Garmin reported Q2 results, with revenues and earnings both coming in above Wall Street expectations.
Essential reading: Top fitness trackers and health gadgets
For the three months ending in June, Garmin reported $894 million worth of revenue, up 8% on the same period last year. This was above the $852.2 expected by markets and represents the fourth consecutive quarter the company has topped revenue estimates. Earnings of 99 cents per share beat the consensus mark by 12 cents.
Here is a breakdown of the figures.
Progress was seen almost across the board. Sales of fitness, marine and aviation products all saw an increases of around a quarter on last year. The only under-performer was Garmin’s automotive segment, once its bread and butter business, which experienced a 19% drop in sales.

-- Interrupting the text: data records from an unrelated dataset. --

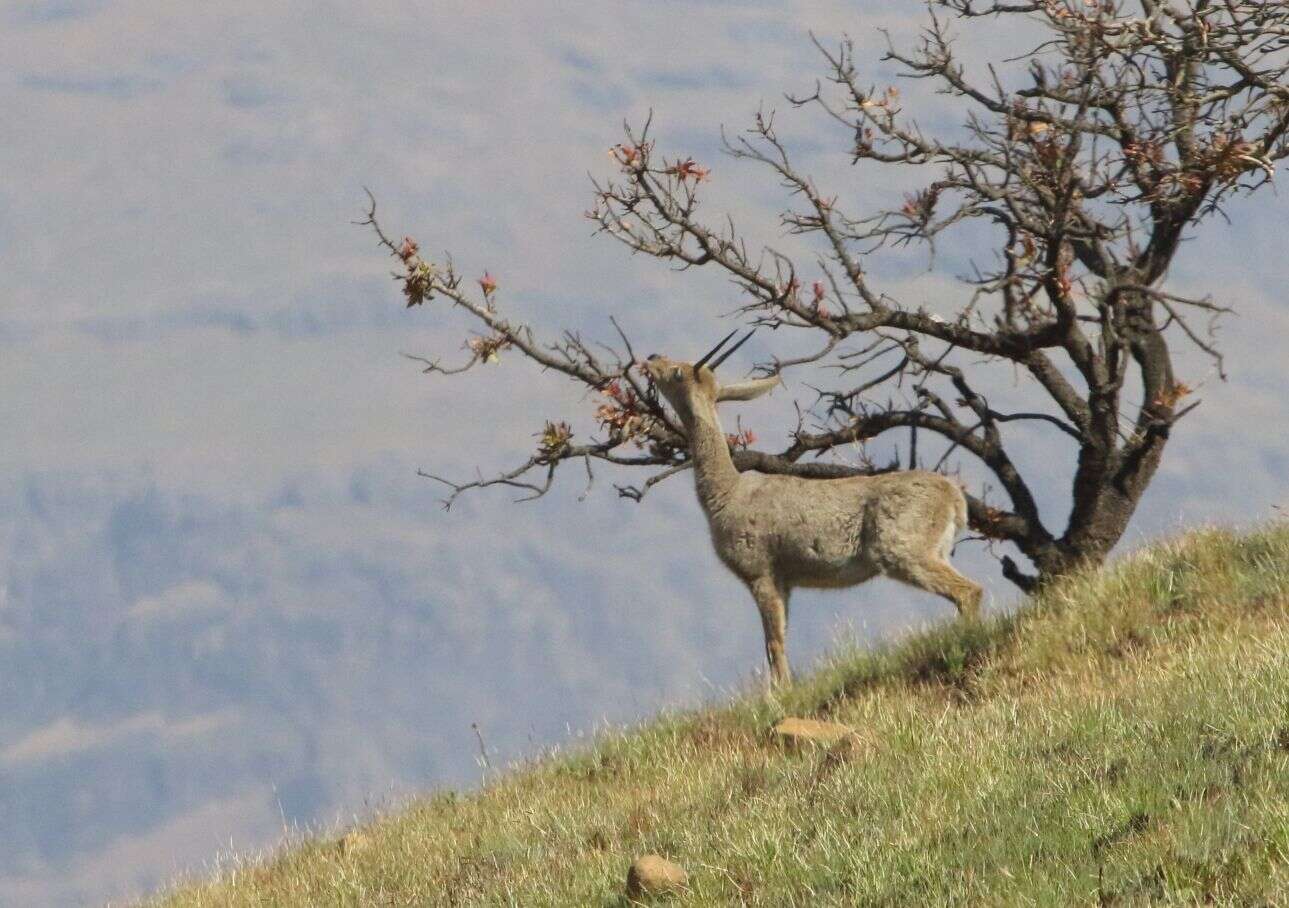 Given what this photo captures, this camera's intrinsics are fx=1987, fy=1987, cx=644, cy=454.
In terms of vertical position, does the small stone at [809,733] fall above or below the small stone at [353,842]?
above

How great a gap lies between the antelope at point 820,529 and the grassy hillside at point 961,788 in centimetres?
47

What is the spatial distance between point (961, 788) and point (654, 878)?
1.61 m

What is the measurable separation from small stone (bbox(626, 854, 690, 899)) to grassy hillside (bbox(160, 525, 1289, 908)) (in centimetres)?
12

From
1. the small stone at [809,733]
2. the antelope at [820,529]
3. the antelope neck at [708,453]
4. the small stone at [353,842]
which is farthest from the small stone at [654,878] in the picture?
the antelope neck at [708,453]

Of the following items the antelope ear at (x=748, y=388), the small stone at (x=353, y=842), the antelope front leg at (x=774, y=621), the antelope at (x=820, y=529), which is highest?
the antelope ear at (x=748, y=388)

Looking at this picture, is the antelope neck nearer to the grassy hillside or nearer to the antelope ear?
the antelope ear

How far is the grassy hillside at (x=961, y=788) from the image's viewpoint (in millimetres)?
8148

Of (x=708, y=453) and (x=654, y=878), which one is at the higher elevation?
(x=708, y=453)

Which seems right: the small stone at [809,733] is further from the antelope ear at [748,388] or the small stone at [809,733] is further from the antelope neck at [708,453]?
the antelope ear at [748,388]

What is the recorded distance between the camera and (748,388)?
14672 mm

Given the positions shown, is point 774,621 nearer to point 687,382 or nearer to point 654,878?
point 687,382

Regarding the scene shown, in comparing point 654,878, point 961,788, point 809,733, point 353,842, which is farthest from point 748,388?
point 654,878

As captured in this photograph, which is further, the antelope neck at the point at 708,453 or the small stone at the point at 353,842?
the antelope neck at the point at 708,453

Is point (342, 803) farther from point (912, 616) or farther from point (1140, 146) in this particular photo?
point (1140, 146) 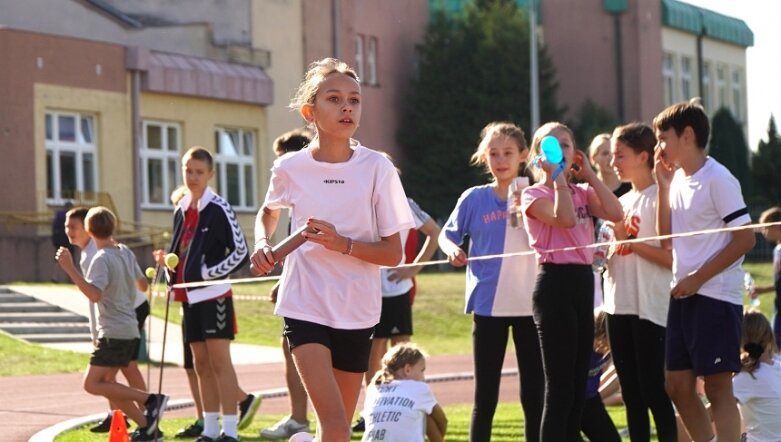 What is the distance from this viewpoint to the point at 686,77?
7212 centimetres

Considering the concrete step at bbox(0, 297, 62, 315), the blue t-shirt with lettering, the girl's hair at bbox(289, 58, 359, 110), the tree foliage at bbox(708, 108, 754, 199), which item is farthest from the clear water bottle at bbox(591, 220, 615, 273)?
the tree foliage at bbox(708, 108, 754, 199)

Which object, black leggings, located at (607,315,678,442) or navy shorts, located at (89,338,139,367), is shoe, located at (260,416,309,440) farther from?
black leggings, located at (607,315,678,442)

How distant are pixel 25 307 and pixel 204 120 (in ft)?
60.5

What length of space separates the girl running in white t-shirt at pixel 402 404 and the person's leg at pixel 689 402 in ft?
4.65

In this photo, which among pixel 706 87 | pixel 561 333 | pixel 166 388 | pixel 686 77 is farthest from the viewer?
Answer: pixel 706 87

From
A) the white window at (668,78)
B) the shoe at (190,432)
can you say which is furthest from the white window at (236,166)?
the shoe at (190,432)

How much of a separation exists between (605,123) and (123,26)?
2254 centimetres

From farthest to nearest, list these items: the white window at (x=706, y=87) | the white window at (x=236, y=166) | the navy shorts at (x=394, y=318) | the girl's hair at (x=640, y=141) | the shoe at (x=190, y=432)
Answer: the white window at (x=706, y=87) < the white window at (x=236, y=166) < the navy shorts at (x=394, y=318) < the shoe at (x=190, y=432) < the girl's hair at (x=640, y=141)

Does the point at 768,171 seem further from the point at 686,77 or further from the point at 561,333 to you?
the point at 561,333

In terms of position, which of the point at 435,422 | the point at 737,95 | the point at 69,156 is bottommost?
the point at 435,422

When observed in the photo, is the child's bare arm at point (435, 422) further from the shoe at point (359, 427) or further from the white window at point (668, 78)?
the white window at point (668, 78)

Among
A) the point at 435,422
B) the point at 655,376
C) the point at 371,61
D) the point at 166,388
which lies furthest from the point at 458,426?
the point at 371,61

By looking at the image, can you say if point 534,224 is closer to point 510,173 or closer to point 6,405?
point 510,173

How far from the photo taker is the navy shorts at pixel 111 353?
12.7m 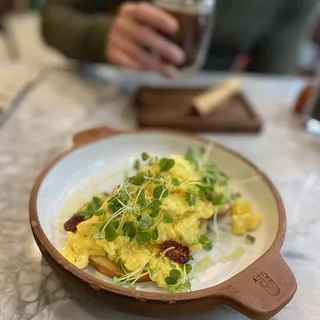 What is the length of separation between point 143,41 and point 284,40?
64cm

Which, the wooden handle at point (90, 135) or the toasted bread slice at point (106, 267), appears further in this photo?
the wooden handle at point (90, 135)

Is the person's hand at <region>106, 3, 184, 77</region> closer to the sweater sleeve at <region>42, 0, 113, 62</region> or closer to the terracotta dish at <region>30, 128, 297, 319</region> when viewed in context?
the sweater sleeve at <region>42, 0, 113, 62</region>

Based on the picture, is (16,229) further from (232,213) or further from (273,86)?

“We are pleased with our performance in the first half of 2018, and these strong results give us confidence to raise our full-year guidance.” said Garmin CEO Cliff Pemble at the earnings call.
“…Looking forward, we believe, we are well-positioned in the segment, with a strong line-up of wearables and cycling products.”
America accounted for the bulk of revenue generating some 49% (8.9% year over year) of the total. EMEA and APAC contributed 35% (down 1.8%) and 16% (up 28.4%), respectively.
In line with general market trends, Garmin’s basic activity tracker category continued its decline. However this was more than offset by growth in other categories, primarily sports-watches. We saw the launch of Vivoactive 3 Music and Fenix 5 Plus in recent months which, no doubt, contributed to strong revenue.
The company has carved out a niche for itself and is quite rightly making sure it stays the king of the GPS market. This is, after all, the strategy which got it to where it is today.